I started writing something in my head that night, something about my other bed where blunt leaves nod and toss not so far from my window in the wind, a bed that squeaks horrendously if I move my head or blink or think. I began writing a little thing comparing nights and beds and trees and leaves but I didn’t get up to write it down, naturally. I forgot everything.
Sleepless means I’m up at all hours, I sleep at strange hours, I write and walk and eat and drive at strange hours, not avoiding people necessarily, but it happens and I like it.
I’m awake when you’re getting home from a long night out. I see you in uniform heading out for the day. I see you come home to greet your cat on the windowsill, or sliding in and putting on the tube, a movie that emanates from your window, some kind of drama with raised voices that calls me to come and make sure everything’s all right. Sleepless means I heard your fireworks at 10:30 but didn’t look out the window to see; I was reading, and I’m sure you’ll forgive me.
Sleepless means I can tell the time and weather by the sky as I lay prone looking out my bedroom window, heartburn burning, and this morning the birds were full up and at ’em. I pulled on leggings and went outside, felt the air and realized I’d need a warmer shirt so I pulled on the flannel I keep hanging on my chair and took a walk, barefoot, braving the woodshavings and other ridiculous stuff that accumulates on the balcony. The sand was comfortably cool. I picked up plastic bags and threw them away, wondering how anyone could still be using these things. The sun was still below the rim of the teacup but you can tell where he will rise by the intensity of the light. Dogs on leashes because they are naughty, dogs running free because they obey. Neighbors avoid neighbors because it’s a hallowed time, this silent, molten rising.

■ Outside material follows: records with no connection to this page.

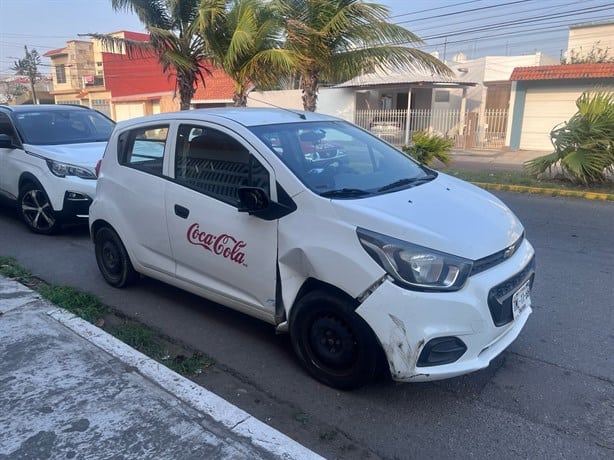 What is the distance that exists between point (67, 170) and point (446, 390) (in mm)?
5549

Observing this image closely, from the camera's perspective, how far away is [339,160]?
377 cm

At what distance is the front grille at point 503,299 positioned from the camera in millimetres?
2867

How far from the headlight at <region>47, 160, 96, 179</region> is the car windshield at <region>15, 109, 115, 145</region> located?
81cm

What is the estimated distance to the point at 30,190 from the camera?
690cm

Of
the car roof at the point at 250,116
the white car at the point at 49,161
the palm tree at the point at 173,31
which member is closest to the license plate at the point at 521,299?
the car roof at the point at 250,116

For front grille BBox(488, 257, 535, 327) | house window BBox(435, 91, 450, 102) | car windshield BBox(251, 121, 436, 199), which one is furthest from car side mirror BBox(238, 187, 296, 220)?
house window BBox(435, 91, 450, 102)

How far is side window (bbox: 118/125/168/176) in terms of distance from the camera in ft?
14.0

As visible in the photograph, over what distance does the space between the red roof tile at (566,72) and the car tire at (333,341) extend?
17.9m

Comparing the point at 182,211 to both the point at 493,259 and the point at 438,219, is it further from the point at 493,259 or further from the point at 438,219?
the point at 493,259

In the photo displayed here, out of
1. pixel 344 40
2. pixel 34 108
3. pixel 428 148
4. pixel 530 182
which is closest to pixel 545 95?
pixel 428 148

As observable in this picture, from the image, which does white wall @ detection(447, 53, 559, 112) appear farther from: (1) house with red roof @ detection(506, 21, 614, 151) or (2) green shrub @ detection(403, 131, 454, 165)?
(2) green shrub @ detection(403, 131, 454, 165)

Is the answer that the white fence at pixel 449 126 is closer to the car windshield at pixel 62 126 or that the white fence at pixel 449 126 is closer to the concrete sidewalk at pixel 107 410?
the car windshield at pixel 62 126

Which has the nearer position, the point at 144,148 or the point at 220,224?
the point at 220,224

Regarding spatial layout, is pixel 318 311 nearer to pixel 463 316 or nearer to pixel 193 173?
pixel 463 316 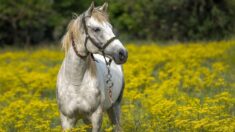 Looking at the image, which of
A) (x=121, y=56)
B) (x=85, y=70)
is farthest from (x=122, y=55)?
(x=85, y=70)

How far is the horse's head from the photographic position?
7.52 m

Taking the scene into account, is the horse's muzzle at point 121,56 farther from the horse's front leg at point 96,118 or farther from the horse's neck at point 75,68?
the horse's front leg at point 96,118

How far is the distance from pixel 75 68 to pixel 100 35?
553 millimetres

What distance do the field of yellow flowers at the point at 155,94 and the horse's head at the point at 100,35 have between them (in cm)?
91

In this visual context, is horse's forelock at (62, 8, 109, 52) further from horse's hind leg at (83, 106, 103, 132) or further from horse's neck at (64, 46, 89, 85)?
horse's hind leg at (83, 106, 103, 132)

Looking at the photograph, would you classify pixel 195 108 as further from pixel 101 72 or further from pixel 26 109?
pixel 26 109

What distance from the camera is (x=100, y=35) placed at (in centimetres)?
770

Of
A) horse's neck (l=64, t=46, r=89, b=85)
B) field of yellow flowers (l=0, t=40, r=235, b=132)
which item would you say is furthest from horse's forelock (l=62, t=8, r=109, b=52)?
field of yellow flowers (l=0, t=40, r=235, b=132)

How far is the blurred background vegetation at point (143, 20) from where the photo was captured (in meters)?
29.8

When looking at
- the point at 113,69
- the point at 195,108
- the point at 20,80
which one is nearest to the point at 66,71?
the point at 113,69

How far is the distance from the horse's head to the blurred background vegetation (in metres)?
18.9

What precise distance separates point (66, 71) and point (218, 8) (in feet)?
73.8

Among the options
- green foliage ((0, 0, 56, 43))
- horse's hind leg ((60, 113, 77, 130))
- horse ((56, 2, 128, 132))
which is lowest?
green foliage ((0, 0, 56, 43))

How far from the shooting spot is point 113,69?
9031 mm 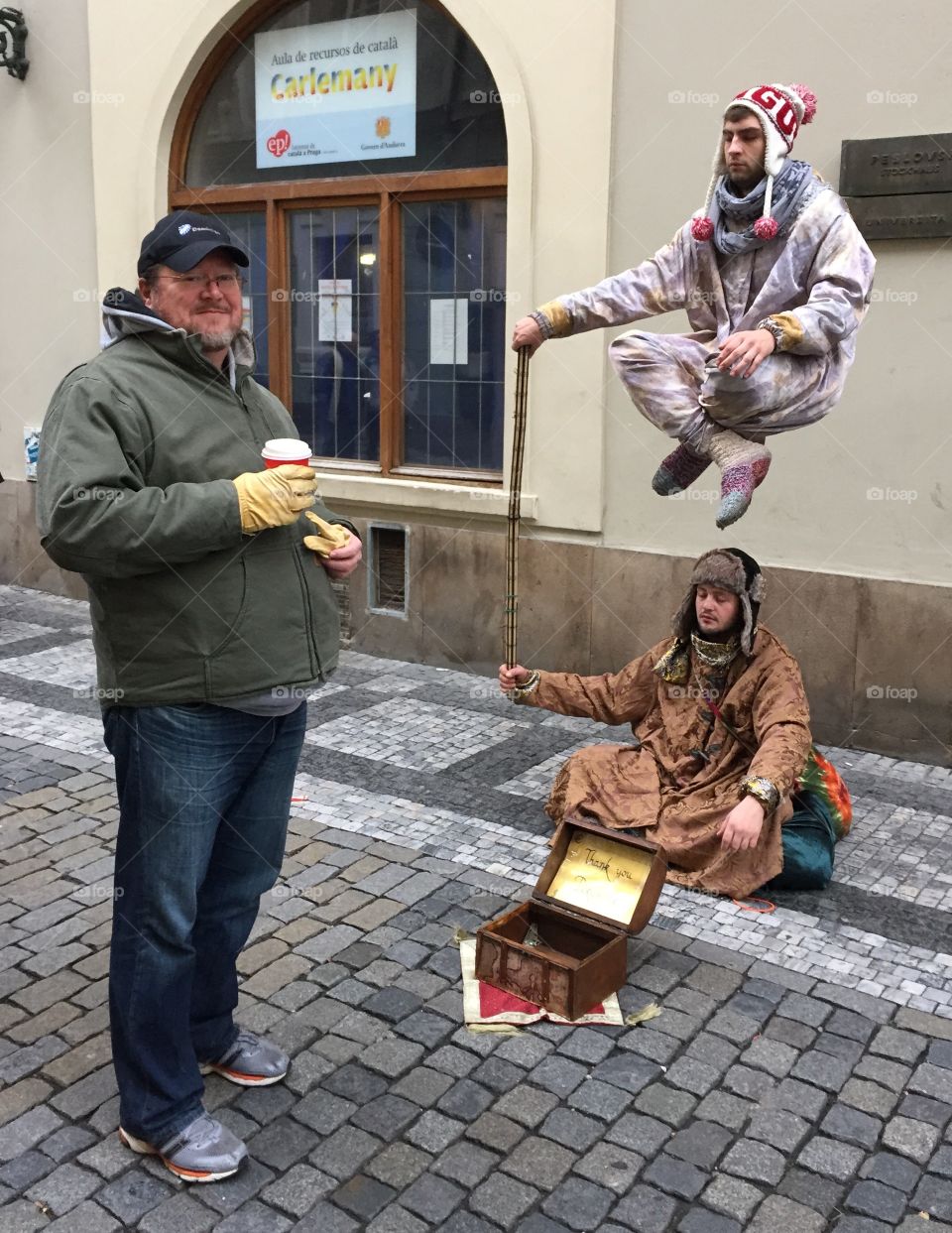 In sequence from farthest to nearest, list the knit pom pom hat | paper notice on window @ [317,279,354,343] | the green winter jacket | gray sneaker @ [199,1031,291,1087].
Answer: paper notice on window @ [317,279,354,343] → the knit pom pom hat → gray sneaker @ [199,1031,291,1087] → the green winter jacket

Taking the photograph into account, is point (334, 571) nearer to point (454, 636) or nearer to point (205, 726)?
point (205, 726)

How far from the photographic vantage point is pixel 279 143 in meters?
8.26

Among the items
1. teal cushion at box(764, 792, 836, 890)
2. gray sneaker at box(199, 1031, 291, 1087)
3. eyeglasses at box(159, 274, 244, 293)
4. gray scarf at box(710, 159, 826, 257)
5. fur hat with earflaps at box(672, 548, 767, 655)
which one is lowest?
gray sneaker at box(199, 1031, 291, 1087)

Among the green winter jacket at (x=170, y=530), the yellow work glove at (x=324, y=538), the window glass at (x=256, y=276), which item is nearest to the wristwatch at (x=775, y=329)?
the yellow work glove at (x=324, y=538)

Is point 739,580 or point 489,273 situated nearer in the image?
point 739,580

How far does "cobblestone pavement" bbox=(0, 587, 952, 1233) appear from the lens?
2.91 metres

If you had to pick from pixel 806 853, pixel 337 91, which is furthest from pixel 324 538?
pixel 337 91

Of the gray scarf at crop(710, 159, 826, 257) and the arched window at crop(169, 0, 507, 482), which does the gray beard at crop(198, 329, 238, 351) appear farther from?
the arched window at crop(169, 0, 507, 482)

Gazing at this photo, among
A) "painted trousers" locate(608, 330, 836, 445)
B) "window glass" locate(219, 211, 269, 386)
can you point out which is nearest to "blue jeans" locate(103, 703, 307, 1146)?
"painted trousers" locate(608, 330, 836, 445)

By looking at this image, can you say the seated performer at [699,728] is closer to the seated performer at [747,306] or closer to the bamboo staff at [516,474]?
the bamboo staff at [516,474]

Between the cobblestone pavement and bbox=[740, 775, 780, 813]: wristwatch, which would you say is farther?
bbox=[740, 775, 780, 813]: wristwatch

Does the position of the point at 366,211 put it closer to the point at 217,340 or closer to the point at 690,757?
the point at 690,757

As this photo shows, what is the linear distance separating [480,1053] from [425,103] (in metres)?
5.98

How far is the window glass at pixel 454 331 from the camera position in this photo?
7.55m
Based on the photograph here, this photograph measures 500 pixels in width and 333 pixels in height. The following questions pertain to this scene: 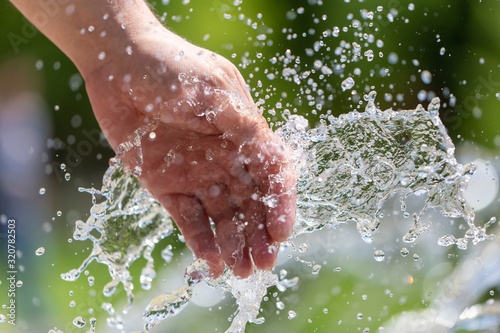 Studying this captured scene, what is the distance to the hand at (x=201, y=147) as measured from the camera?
3.38 ft

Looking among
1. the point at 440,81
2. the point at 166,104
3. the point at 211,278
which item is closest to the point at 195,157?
the point at 166,104

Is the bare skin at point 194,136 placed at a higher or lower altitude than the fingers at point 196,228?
higher

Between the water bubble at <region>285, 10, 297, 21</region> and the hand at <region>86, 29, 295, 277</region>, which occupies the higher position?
the hand at <region>86, 29, 295, 277</region>

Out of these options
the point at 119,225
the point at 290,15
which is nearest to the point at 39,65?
the point at 290,15

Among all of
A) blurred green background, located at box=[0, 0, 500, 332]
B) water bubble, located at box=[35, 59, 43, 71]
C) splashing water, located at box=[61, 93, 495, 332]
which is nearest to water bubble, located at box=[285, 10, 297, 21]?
blurred green background, located at box=[0, 0, 500, 332]

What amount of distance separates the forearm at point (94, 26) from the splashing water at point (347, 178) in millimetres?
262

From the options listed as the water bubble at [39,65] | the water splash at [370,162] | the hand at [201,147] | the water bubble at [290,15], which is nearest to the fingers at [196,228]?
the hand at [201,147]

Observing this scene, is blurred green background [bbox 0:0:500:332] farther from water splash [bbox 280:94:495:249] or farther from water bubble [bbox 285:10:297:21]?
water splash [bbox 280:94:495:249]

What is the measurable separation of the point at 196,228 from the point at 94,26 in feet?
1.68

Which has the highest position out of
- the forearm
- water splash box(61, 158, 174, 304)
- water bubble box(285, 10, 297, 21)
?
the forearm

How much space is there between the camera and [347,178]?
1286 mm

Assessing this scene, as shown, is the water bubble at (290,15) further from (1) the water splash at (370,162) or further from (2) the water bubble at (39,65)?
(1) the water splash at (370,162)

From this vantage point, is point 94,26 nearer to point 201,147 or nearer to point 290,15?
point 201,147

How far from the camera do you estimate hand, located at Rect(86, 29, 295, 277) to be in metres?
1.03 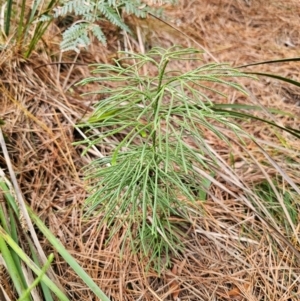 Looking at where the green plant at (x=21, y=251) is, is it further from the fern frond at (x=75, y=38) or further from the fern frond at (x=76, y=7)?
the fern frond at (x=76, y=7)

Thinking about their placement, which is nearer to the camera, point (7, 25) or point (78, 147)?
point (78, 147)

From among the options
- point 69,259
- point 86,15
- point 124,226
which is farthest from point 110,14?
point 69,259

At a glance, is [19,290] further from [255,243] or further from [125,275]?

Sleepless means I pulled on clothes and dragged my phone down to the ocean in case I saw something. I tried to capture the waves breaking behind the breakwaters, for the wind is north, northwest again. The water and air seem to be the same temperature in my lungs and on my feet, but the wave breaks in my eyes are not the same as what my camera sees. That’s all right. I will wander back to my cave and think about things.